Plötzlich machte Schmidt, was er gelernt hat: Theater. Minimalistisches Stegreif-Fernsehen. Es gab kaum noch kostspielige Einspielfilme, der Stand-up-Teil zu Beginn der Show war auf ein, zwei Scherze zusammengeschrumpft. Die Wende verursachte zunächst Entzugserscheinungen. War es nicht schlichte Faulheit, was er da trieb?
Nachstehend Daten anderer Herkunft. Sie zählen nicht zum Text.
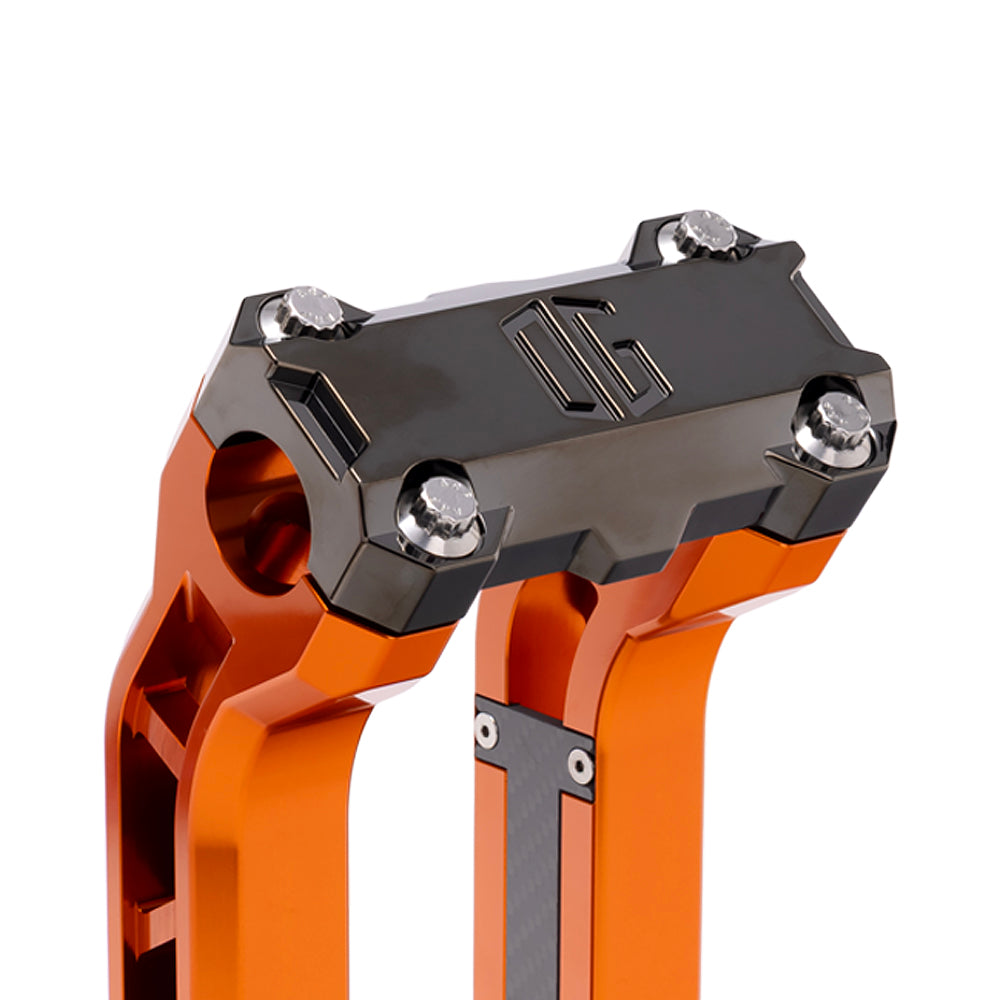Original Garage Moto OG Performance 6.5" Pull Back Risers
Auf jeden Fall war es eine freche Sendezeitverballerung, so etwas wie die letzte Provokation eines Mediums, das mit Minuten Millionen verdienen muss.

Das Feuilleton, 24 Stunden täglich auf Sinnsuche, begeisterte sich jedenfalls, wenn Harald der Weise über Bach dozierte, "Hamlet" mit "Playmobil"-Figuren nachspielte oder es den ganzen Abend lang sprachlich auf Französisch trieb.

Das Prinzip Nürtingen, Schmidts Heimatort, ergriff die Witzkultur der Late-Night-Show. In den Wonnen der Regression spielte Schmidt mit den Kameradinnen und Kameraden aus seiner Schulzeit, turnte, kletterte, ferkelte fröhlich.

Die Zuwendung zum Kumpel, die Entdeckung der Heimat, der sprungbereite Tiefsinn - Harald Schmidt hat deutschen Humor den Fängen der goldischen Fassenacht und der trostlosen Spaßkultur entrissen. Was soll er sonst noch tun? Er hat seine Schuldigkeit getan, er kann gehen.

Und wird vielleicht als Moderator von Literatursendungen wiederkommen. Oder als Schauspieler. Oder als Gutmensch. Immerhin hat "Bild"-Kolumnist Franz Josef Wagner angekündigt, sich wegen des Schmidtschen Rückzugs künftig im brasilianischen Regenwald nützlich zu machen. Allem Ende wohnt ein Anfang inne. NIKOLAUS VON FESTENBERG,

MARCEL ROSENBACH

* Mit Harald Schmidt auf einer Sat.1-Pressekonferenz am 3. Juni in Berlin.